The gen and replace commands will often have if conditions. With gen, an observation that doesn't meet the if condition will not get a value for the new variable—it will be missing instead. With replace, an observation that doesn't meet the if condition is left unchanged.

Recoding with Generate and Replace

Let's turn the educ variable ("HIGHEST YEAR OF SCHOOL COMPLETED") into a categorical variable edu_cat, with the categories "Less than High School", "High School", "Some College", "Bachelors", and "Advanced". You'll need an initial gen command to create the new variable and handle one of the categories, and a replace command for each of the remaining categories. if conditions ensure that each respondent gets the right value of edu_cat based on its value of educ.

gen edu_cat=1 if educ<12
replace edu_cat=2 if educ==12
replace edu_cat=3 if educ>12 & educ<16
replace edu_cat=4 if educ==16
replace edu_cat=5 if educ>16 & educ<.

If educ is missing then edu_cat will be missing because a missing value does not meet any of the if conditions in these commands.

The Recode Command

You can also do this task using the recode command, which is easier to use but not as flexible as gen and replace. With recode you specify a list of rules in the form (old values=new value). The old values can be a single number, a list of numbers, or a range of numbers which you describe with start/end:

recode educ (0/11=1) (12=2) (13 14 15=3) (16=4) (17/20=5) ///
, gen(edu_cat2)

The gen option tells recode to create a new variable (edu_cat2) to store the results. If you don't include a gen option, recode will change the original variable. edu_cat2 will be missing if educ is missing because none of the recode rules say to change missing values to anything else.

Labels

Variable labels can tell you more about the variable itself, like the actual question asked. You can set them with the label variable command:

label variable edu_cat "Education Category"
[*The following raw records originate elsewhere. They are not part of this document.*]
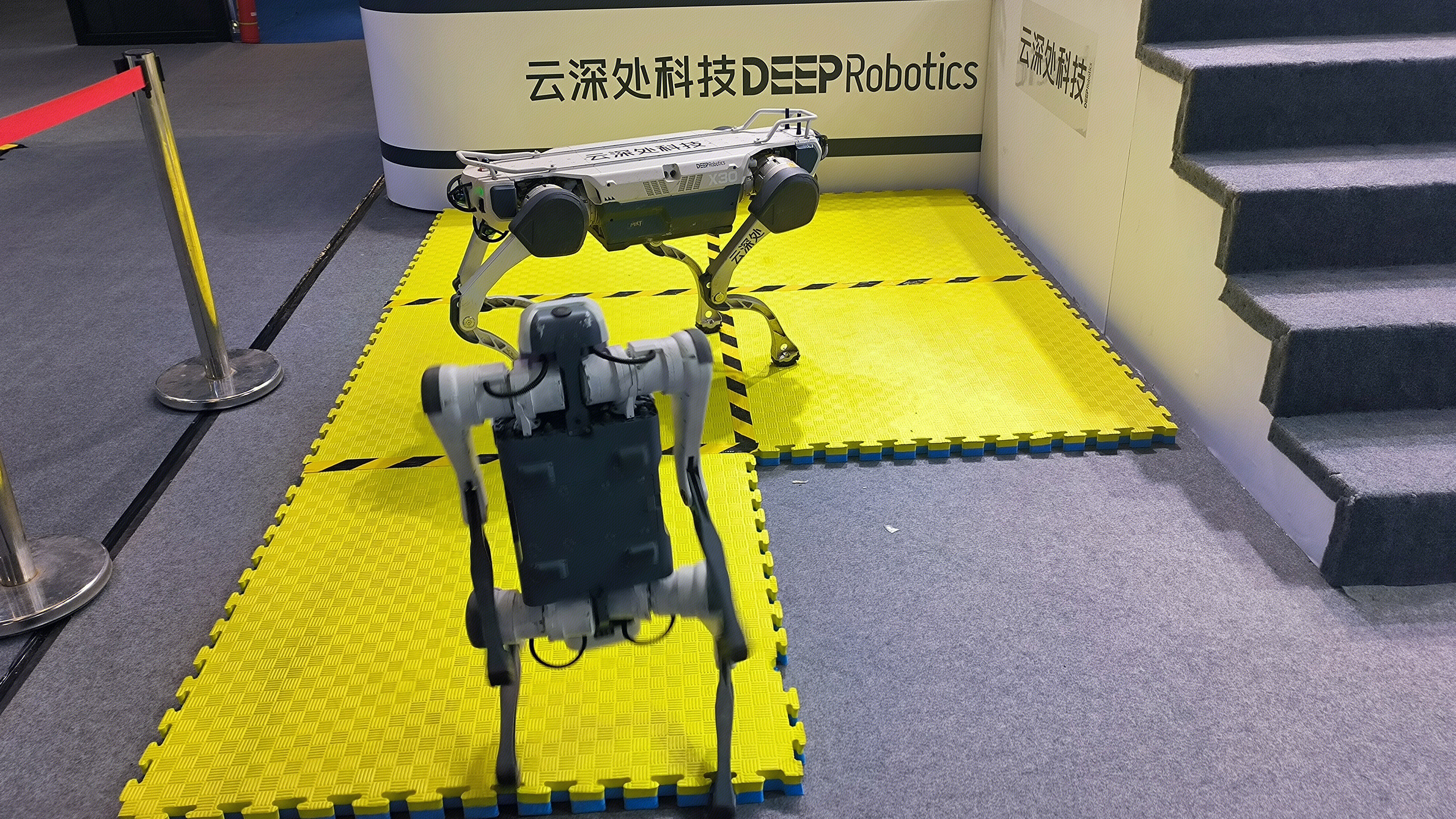 云深处科技 DEEP Robotics 四足机器人 大模型机器人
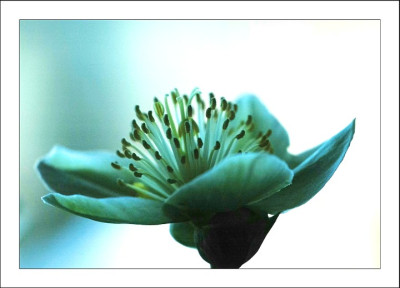 Helleborus_Silvermoon_2_05-03-06.jpg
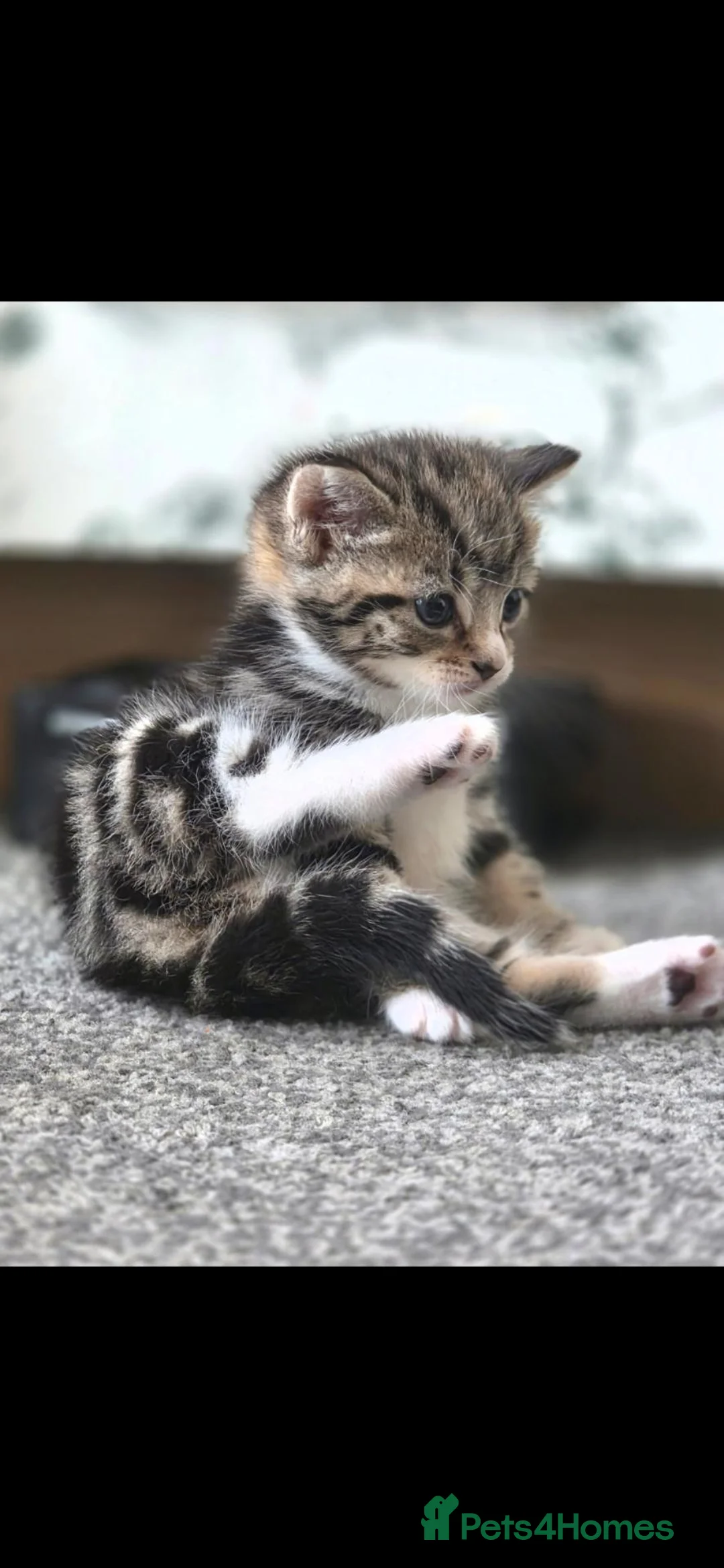 Mixed Breed cats for sale: Fluffy Tabby kittens - Advert 2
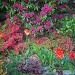 My Friend Steve Tomkins' Beautiful NW Garden by seattle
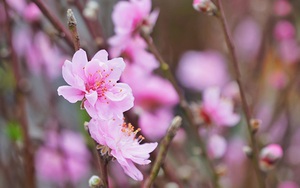 Cúng Rằm tháng Chạp vào ngày nào, giờ nào tốt nhất?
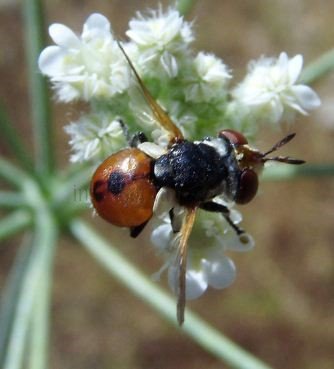 Gymnosoma sp-3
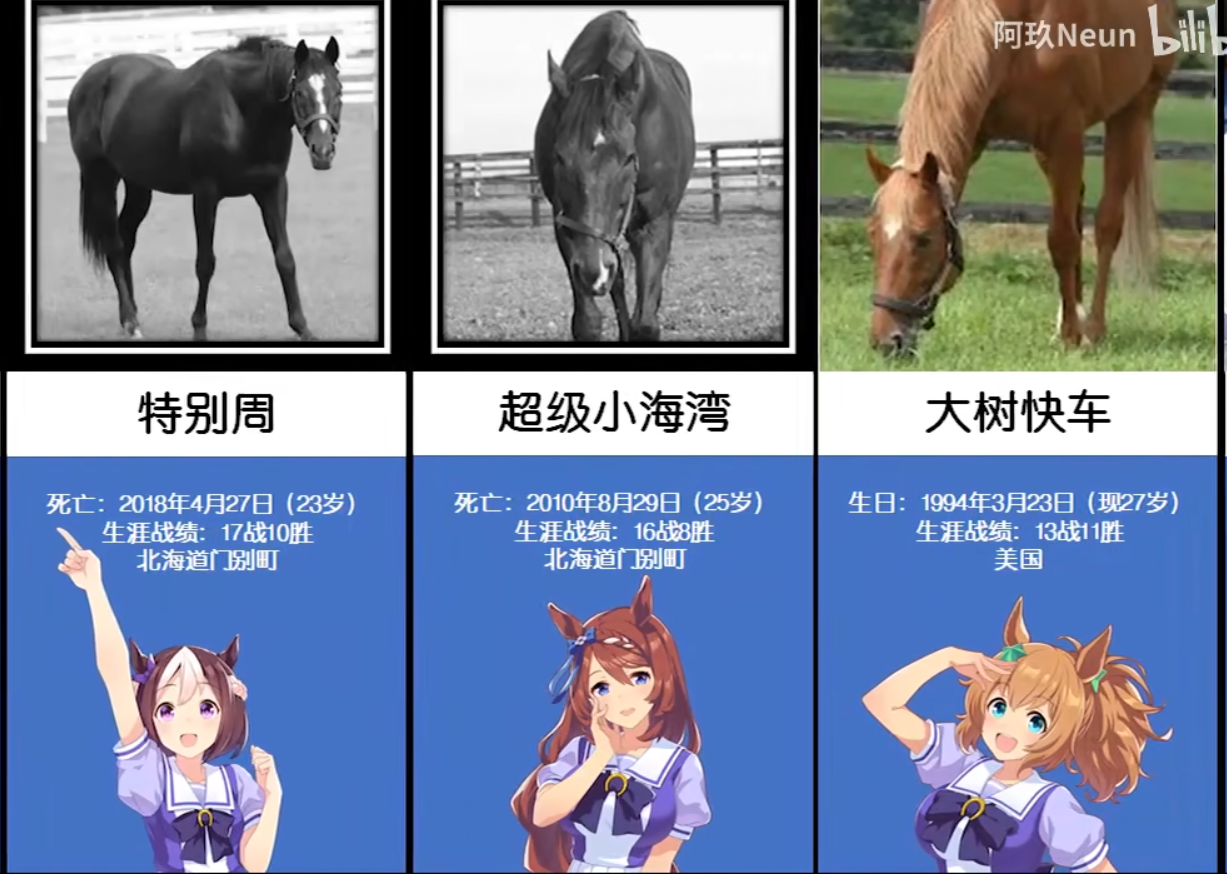 赛马娘手游主角原型介绍 闪耀优俊少女角色原型是什么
Value labels tell you what the individual values of the variable mean. To set them, you first define the labels and then apply them to a variable:

label define edcats 1 "Less than HS" 2 "HS" 3 "Some College" ///
4 "Bachelors" 5 "Advanced"
label values edu_cat edcats

If you look in the data browser at the edu_cat variable after running these commands, you'll see the text labels rather than the raw numbers.

Rename

You can change the name of a variable with the rename command. Changing meaningless variable names (like Q26 for "answer to question 26") to descriptive variable names can make it much easier to keep track of your variables. The GSS uses descriptive variable names, which is good, but they're very short and sometimes cryptic. For example, age of the respondent at the time their first child was born is agekdbrn. You could change it with:

rename agekdbrn age_at_1st_birth

Indicator (Binary) Variables

A variable can be set to the result of a condition. If the condition is true the variable will get a 1, and if it is false the variable will get a 0. This makes it very easy to create indicator or binary variables, which tell you if something is true or not.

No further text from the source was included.